• _EXERCISE INSTRUCTIONS_
Among the records that follow, set down only the lines from the one containing "Apartamento para alugar" to the one containing "Видео: ДАВЕЧА в", both included, exactly.

• _SOURCE DATA_
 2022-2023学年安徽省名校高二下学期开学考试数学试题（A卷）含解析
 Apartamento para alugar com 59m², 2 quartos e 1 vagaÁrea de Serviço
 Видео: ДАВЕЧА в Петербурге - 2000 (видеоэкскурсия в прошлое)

---

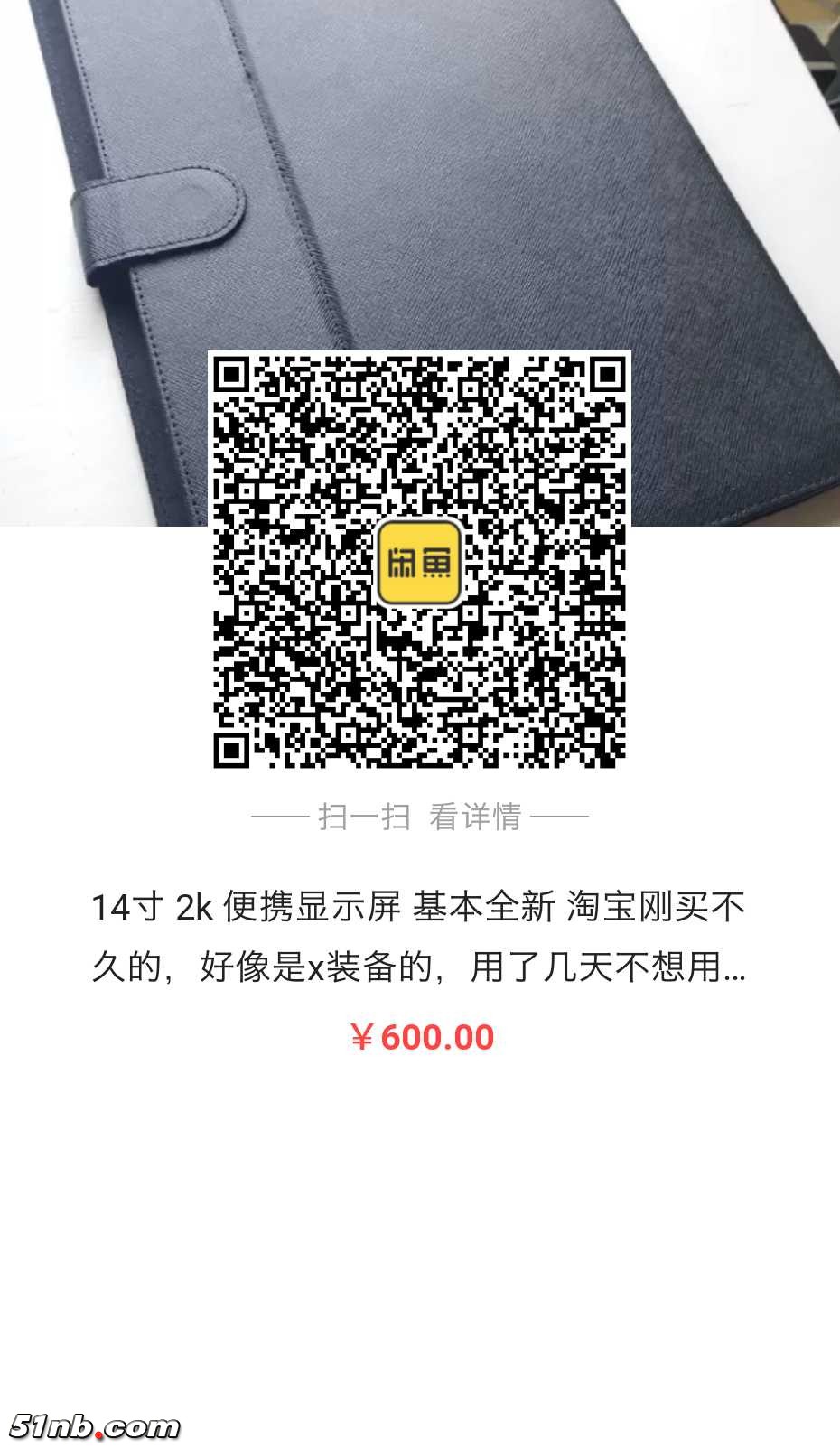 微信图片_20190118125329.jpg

• _EXPECTED ANSWER_
 Apartamento para alugar com 59m², 2 quartos e 1 vagaÁrea de Serviço
 Видео: ДАВЕЧА в Петербурге - 2000 (видеоэкскурсия в прошлое)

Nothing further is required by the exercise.